Chantelle Cameron calls for three-minute rounds in women's boxing

Chantelle Cameron

Chantelle Cameron has joined the discussion of whether three-minute rounds should be introduced to women’s boxing.

The British fighter, who is a world champion in two weight classes, believes women cannot start to think about pay parity while their fights remain shorter than men’s.

As it stands, female boxers fight ten lots of two-minute rounds, while men are in the ring for 12, three-minute rounds.

Cameron discussed the recent history-making title fight between Katie Taylor and Amanda Serrano and highlighted it as a “watershed moment” in the growth of women’s boxing.

“They put on a great fight for Katie’s world lightweight titles after a big build-up, and it will be remembered as a classic. But more still needs to be done for female boxers to get paid the same as men,” she told ESPN.

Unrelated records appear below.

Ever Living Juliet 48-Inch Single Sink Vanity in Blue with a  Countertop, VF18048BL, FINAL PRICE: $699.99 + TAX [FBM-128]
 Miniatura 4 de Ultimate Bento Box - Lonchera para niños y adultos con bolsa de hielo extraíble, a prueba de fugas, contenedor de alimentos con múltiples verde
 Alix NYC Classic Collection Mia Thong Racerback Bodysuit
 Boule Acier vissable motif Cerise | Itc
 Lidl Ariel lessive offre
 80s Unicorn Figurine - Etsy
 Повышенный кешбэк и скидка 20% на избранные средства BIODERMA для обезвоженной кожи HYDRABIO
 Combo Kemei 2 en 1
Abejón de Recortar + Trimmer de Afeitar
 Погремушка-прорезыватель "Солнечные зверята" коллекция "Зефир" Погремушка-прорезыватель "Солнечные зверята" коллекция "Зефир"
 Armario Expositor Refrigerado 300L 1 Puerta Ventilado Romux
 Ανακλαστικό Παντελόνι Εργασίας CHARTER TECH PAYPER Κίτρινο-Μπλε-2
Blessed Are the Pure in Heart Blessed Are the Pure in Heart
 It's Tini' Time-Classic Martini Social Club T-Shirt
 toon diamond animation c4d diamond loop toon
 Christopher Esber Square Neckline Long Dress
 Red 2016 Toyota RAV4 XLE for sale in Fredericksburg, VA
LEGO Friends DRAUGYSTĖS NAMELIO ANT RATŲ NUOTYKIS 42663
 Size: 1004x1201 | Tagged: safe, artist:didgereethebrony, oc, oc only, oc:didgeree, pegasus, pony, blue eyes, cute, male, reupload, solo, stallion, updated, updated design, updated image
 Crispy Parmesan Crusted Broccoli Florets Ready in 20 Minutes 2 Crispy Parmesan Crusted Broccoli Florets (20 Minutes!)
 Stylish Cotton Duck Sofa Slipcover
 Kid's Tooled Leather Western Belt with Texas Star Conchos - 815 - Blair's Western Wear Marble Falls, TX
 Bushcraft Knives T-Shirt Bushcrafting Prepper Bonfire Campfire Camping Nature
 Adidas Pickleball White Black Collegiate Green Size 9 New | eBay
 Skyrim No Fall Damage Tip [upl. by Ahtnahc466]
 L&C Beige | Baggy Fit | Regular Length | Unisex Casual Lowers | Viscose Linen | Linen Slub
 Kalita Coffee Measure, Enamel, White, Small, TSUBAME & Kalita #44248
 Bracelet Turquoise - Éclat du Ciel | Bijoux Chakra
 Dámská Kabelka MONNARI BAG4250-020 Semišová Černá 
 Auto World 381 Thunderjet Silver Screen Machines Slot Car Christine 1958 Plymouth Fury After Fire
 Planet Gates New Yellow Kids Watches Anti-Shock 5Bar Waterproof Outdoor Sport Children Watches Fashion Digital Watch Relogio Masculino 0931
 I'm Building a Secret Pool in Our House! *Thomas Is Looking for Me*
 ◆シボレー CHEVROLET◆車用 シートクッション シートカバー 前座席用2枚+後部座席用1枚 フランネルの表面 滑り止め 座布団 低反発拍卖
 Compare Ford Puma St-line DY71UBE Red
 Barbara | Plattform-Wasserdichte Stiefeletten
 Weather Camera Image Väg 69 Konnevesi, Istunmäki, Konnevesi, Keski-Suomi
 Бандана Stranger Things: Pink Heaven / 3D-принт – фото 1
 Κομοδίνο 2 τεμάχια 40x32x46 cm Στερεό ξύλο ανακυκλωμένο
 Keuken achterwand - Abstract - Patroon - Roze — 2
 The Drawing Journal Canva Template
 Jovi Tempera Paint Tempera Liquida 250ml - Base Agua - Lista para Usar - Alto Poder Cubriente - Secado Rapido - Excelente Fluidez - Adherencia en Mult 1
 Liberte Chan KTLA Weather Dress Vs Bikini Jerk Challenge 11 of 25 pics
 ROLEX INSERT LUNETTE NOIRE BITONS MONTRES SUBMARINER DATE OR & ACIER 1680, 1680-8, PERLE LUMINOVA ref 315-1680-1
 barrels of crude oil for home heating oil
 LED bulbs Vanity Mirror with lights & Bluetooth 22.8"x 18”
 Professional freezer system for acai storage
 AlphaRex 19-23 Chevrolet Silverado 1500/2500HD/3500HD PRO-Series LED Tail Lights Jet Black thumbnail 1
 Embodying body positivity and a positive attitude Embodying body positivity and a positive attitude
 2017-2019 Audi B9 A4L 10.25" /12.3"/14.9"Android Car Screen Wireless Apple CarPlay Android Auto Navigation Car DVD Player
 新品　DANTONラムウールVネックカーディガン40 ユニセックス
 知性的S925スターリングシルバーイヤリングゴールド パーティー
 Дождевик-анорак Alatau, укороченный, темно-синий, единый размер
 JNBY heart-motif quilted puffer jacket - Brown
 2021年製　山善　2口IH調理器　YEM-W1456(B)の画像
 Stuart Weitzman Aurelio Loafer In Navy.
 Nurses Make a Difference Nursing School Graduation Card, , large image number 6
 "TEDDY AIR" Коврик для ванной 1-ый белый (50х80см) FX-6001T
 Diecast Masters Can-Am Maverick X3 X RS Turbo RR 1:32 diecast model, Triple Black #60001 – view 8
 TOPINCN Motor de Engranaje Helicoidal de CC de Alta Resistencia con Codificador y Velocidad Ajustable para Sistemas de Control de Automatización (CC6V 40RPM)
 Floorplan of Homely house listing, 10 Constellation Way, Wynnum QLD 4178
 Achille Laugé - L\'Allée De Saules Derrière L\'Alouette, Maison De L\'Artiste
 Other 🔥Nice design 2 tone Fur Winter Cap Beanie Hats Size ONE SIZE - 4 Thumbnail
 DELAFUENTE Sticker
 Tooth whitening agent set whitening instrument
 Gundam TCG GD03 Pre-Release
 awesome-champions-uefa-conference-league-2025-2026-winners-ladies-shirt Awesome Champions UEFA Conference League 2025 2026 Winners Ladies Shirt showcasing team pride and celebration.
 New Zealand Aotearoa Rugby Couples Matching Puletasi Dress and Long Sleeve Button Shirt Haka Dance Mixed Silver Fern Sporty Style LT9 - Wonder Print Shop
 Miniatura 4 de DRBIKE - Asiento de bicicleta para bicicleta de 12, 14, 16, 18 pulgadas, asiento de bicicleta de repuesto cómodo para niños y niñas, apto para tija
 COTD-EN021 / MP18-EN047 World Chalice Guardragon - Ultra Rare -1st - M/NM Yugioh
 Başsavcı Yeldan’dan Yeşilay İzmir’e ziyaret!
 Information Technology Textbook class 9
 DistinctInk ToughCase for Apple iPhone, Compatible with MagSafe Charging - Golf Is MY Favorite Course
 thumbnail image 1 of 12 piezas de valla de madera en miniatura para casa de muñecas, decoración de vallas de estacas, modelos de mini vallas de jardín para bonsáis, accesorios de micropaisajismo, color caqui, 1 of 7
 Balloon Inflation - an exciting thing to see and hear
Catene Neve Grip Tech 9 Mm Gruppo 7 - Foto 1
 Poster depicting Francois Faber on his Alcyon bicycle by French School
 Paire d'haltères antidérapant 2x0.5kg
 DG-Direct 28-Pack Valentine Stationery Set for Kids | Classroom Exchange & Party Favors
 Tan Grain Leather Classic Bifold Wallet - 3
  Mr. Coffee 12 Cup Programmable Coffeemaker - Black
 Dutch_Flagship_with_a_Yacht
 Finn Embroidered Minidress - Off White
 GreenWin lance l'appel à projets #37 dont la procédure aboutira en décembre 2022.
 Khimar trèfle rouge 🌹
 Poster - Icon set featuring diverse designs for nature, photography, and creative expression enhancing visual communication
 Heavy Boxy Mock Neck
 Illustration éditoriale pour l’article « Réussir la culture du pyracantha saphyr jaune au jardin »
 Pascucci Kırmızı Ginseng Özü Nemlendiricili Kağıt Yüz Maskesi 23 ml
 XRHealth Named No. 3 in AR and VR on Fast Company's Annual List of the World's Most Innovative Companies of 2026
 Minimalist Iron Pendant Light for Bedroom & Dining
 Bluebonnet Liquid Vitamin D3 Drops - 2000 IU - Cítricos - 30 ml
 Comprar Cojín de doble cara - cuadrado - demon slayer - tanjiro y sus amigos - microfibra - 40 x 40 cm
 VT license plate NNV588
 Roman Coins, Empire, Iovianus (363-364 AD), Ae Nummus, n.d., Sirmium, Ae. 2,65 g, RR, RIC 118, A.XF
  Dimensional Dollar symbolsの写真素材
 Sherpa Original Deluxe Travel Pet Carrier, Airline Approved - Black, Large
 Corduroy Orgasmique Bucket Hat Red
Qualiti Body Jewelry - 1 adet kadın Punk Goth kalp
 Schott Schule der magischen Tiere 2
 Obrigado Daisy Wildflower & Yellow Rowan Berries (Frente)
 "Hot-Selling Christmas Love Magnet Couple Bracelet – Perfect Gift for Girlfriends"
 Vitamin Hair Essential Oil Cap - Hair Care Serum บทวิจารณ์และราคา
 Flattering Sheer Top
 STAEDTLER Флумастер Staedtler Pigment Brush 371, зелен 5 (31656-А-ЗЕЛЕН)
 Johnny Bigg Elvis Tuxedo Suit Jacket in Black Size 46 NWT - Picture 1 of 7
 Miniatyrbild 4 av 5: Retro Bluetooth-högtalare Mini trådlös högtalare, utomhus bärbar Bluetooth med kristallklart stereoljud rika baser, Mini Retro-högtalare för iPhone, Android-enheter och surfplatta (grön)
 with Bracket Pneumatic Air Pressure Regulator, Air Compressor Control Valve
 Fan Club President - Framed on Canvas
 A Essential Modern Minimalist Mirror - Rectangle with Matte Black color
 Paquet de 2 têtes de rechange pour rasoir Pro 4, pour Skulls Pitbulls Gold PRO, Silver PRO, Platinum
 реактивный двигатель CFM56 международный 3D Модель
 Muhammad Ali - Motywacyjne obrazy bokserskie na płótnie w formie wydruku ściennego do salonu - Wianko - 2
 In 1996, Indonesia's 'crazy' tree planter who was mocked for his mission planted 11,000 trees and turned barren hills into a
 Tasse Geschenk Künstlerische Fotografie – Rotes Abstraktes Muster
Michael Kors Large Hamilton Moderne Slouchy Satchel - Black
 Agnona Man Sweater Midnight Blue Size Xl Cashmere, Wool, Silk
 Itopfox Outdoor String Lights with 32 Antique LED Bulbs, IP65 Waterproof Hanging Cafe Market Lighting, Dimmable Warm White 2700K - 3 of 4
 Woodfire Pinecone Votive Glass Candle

Il Capo described the Taylor vs Serrano purse — which saw both boxers pocket a handsome $1 million — as “out of this world.” The 30-year-old believes the huge pay day should trigger a domino effect where more promoters will be inclined to pitch bigger sums to stage women’s fights.

As well as the mega pay day for the two fighters, Taylor and Serrano made history by becoming the first women to headline Madison Square Garden. The blockbuster clash was a sell out — bringing more than 19,000 spectators to the famous arena.

Broadcast viewing numbers also hit a new all-time high for streaming service DAZN, as 1.5 million people tuned in around the world to be a part of history.


However, while Taylor and Serrano have certainly set the benchmark for women’s boxing moving forwards, Cameron has stressed that the sport still has to make some changes before it can be considered equal to the men’s.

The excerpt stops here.